Hablamos un poco más de sus problemas, en especial de cierta enfermera jefe que la tenía tomada con ella. Había llegado el momento de irme; abrí la puerta del coche y le dije que teníamos que seguir hablando la próxima vez que nos viéramos. Pero mientras lo decía las dos éramos profundamente conscientes de algo que aún no habíamos mencionado, y creo que las dos sentimos que no estaba bien en absoluto que nos despidiéramos de ese modo. De hecho, hoy tengo la certeza de que en aquel momento nuestras mentes discurrían por idénticos senderos, y le oí decir:

– Es muy extraño. Pensar que todo pertenece al pasado…

Me volví en el asiento para mirarla otra vez.

– Sí. Es realmente extraño -dije-. Me parece increíble que haya desaparecido para siempre.

– Tan extraño… -repitió Laura-. Supongo que ahora ya me tendría que dar igual. Pero no es así.
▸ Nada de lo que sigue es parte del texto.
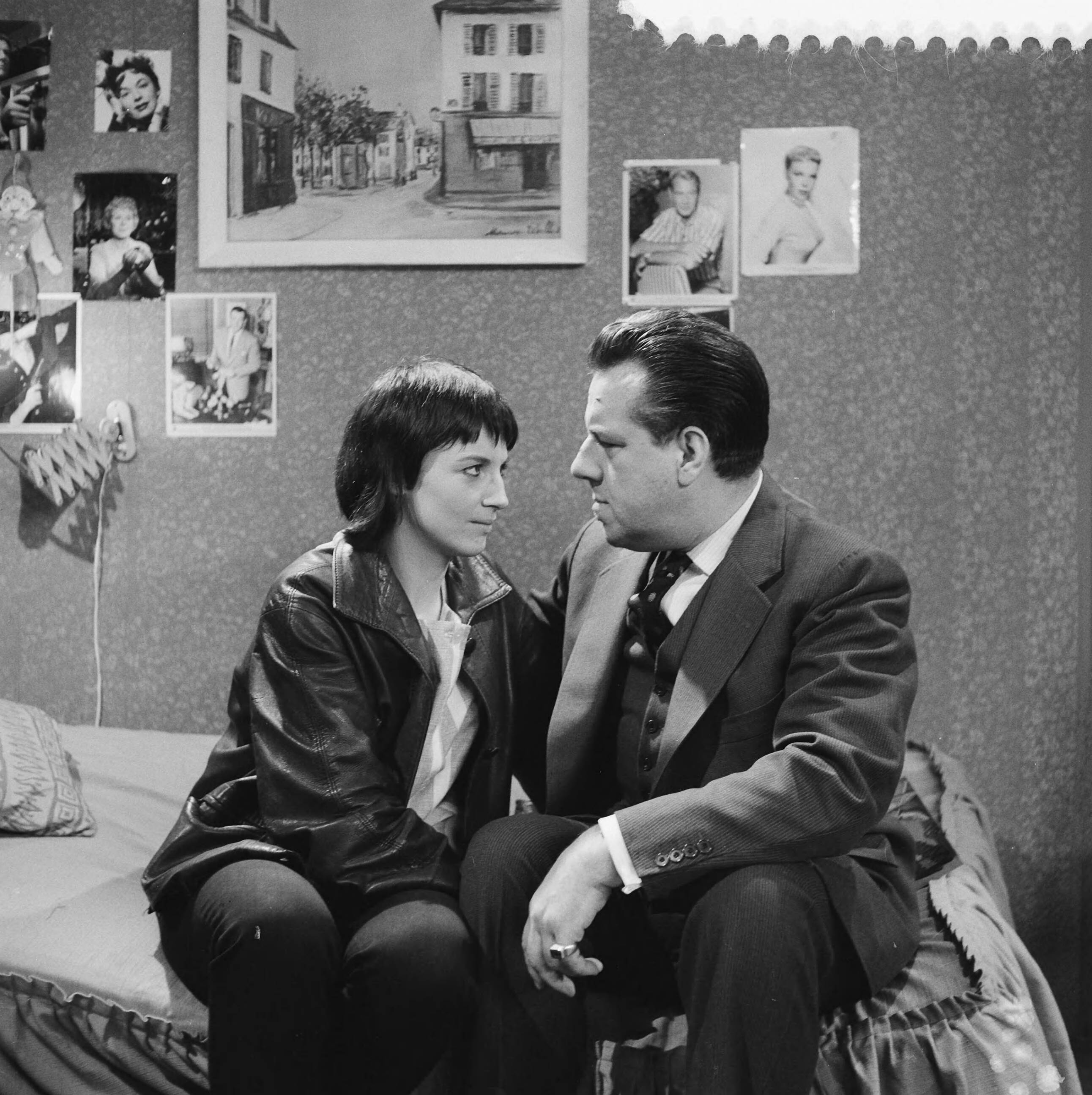 Fotocollectie Anefo — VARA televisieserie "Bijna Twintig". Eenakter "Toen ik bijna twintig was¨ van J.G. Toonder. Kitty Courbouis en Ko van Dijk — Foto: Lindeboom, Henk / Anefo. Licentie: Set B: Rechtenvrij / Publiek Domein. Bron: Nationaal Archief. http://hdl.handle.net/10648/a9cc9f28-d0b4-102d-bcf8-003048976d84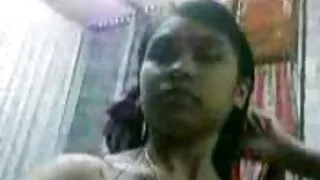 Un couple russe célèbre la pendaison de crémaillère avec le vieille cochonne allemande sexe.
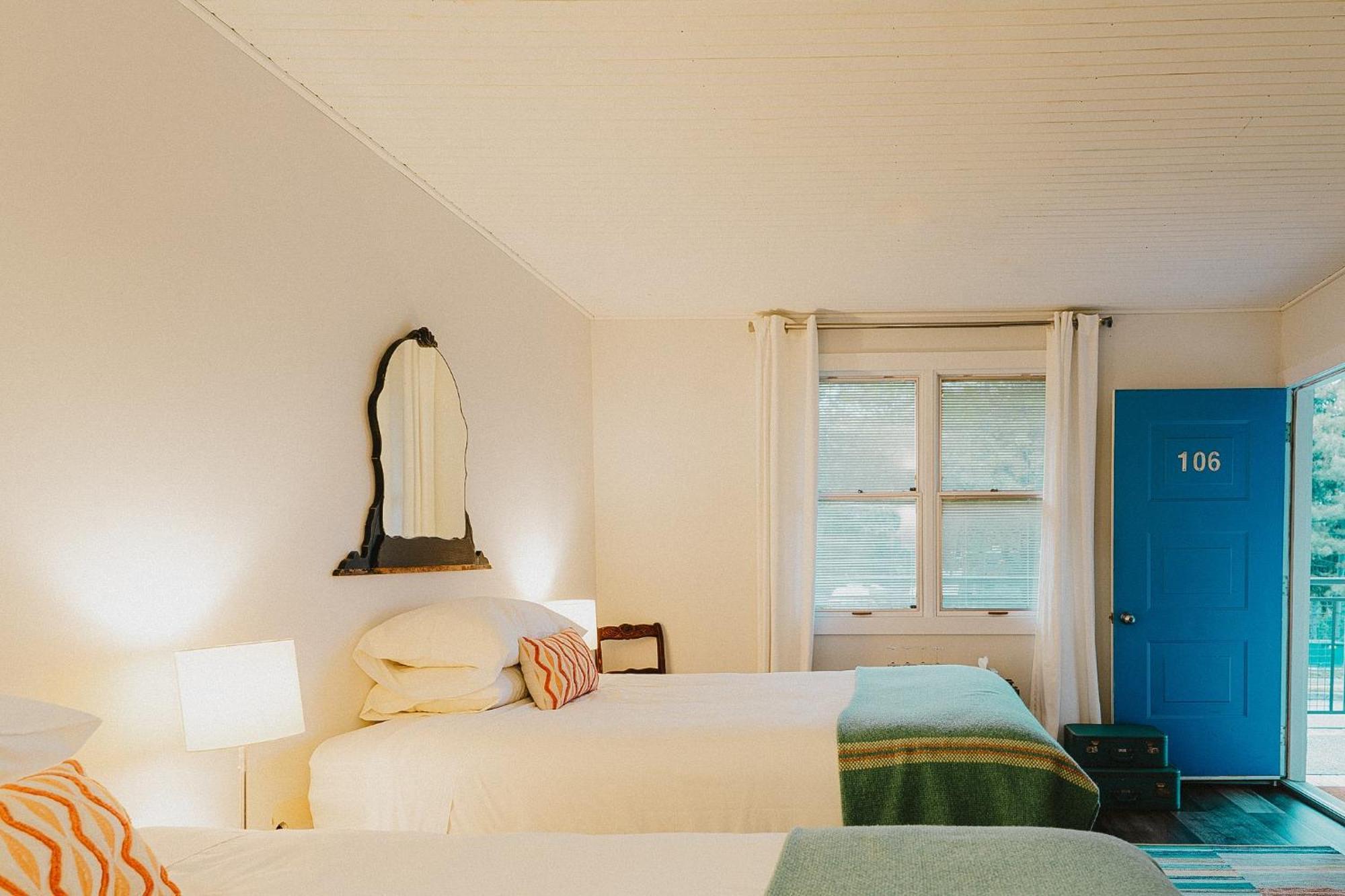 The Kent Motel Niagara-on-the-Lake Exteriör bild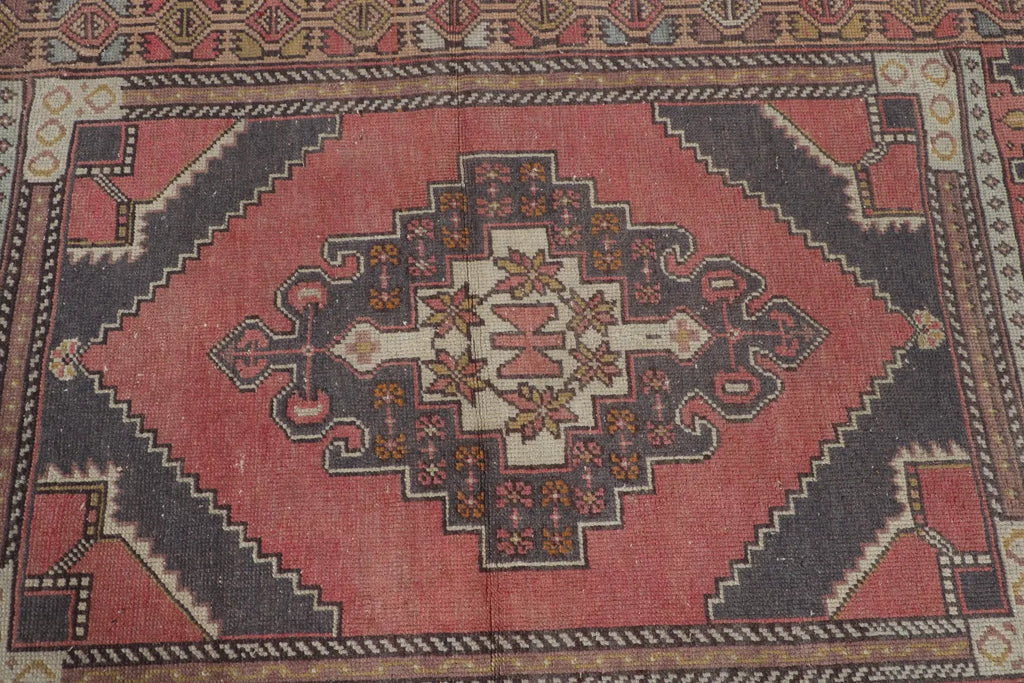 Vintage Turkish Accent Area rug 3.8 x 5.4 ft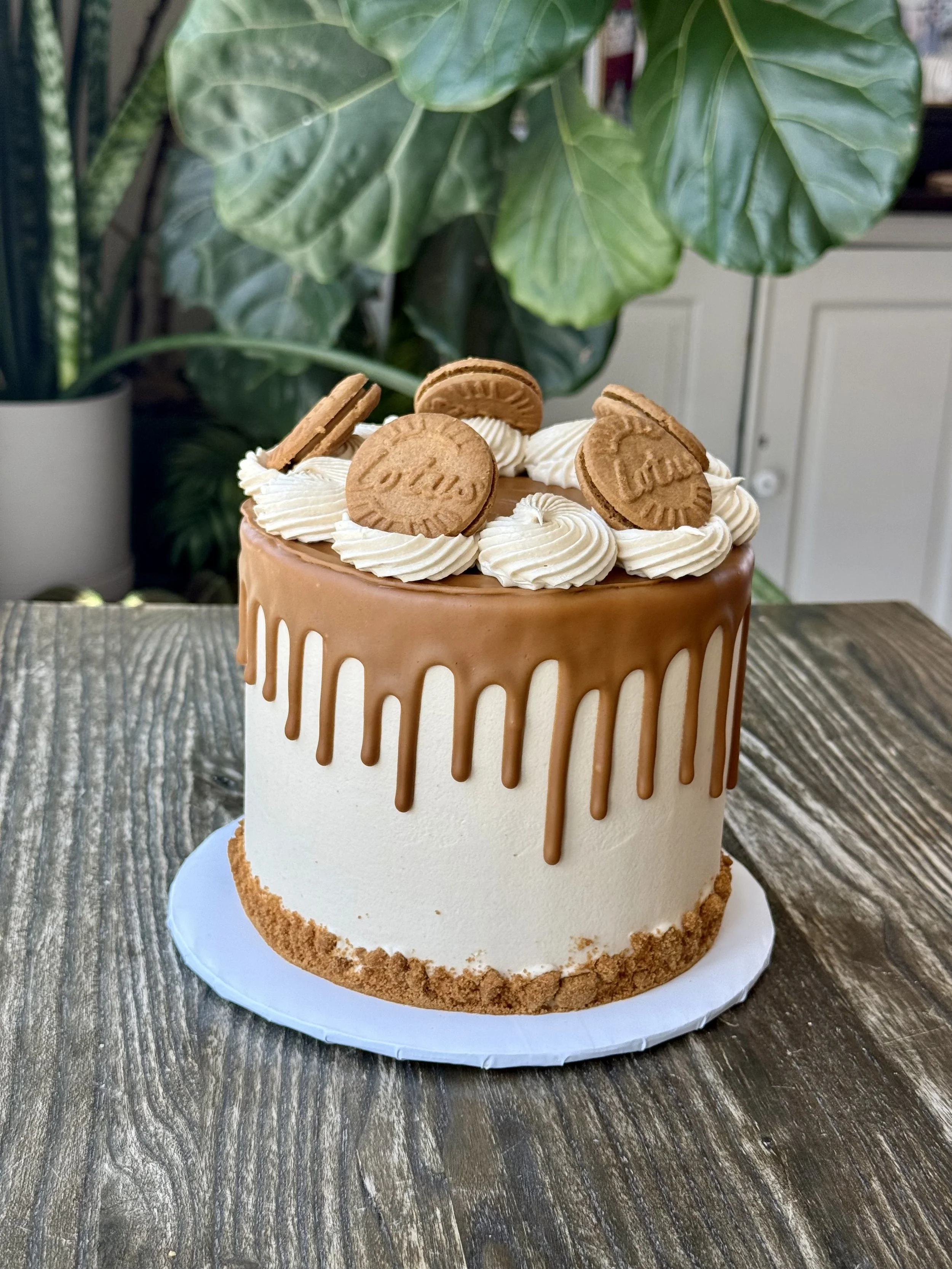 Sage Cakery Cookie Butter Cake Biscoff 2.jpg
– Sé lo que quieres decir.

Fue este último intercambio, cuando finalmente mencionamos el cierre de Hailsham, lo que de pronto nos acercó como en otros tiempos, y nos abrazamos de forma absolutamente espontánea, no tanto para consolarnos como para afirmar Hailsham, el hecho de que aún pervivía en la memoria de ambas. Y acto seguido me apeé y me dirigí apresuradamente hacia mi coche.

Había empezado a oír rumores del cierre de Hailsham aproximadamente un año antes de mi encuentro con Laura en aquel aparcamiento. Estaba hablando con un cuidador o con un donante, por ejemplo, y en un momento dado éste lo mencionaba de pasada, como convencido de que yo tenía que saberlo con todo detalle. «Usted estuvo en Hailsham, ¿no? ¿Así que es cierto?» O algo parecido. Entonces, un día en que estaba saliendo de una clínica de Suffolk, me topé con Roger C, que había estado en un curso posterior al mío, y me contó lo que sin ningún género de dudas estaba a punto de pasar con Hailsham. Iban a cerrarlo en cualquier momento, y tenían planeado vender la casa y los terrenos a una cadena de hoteles. Recuerdo bien mi primera reacción al oírlo.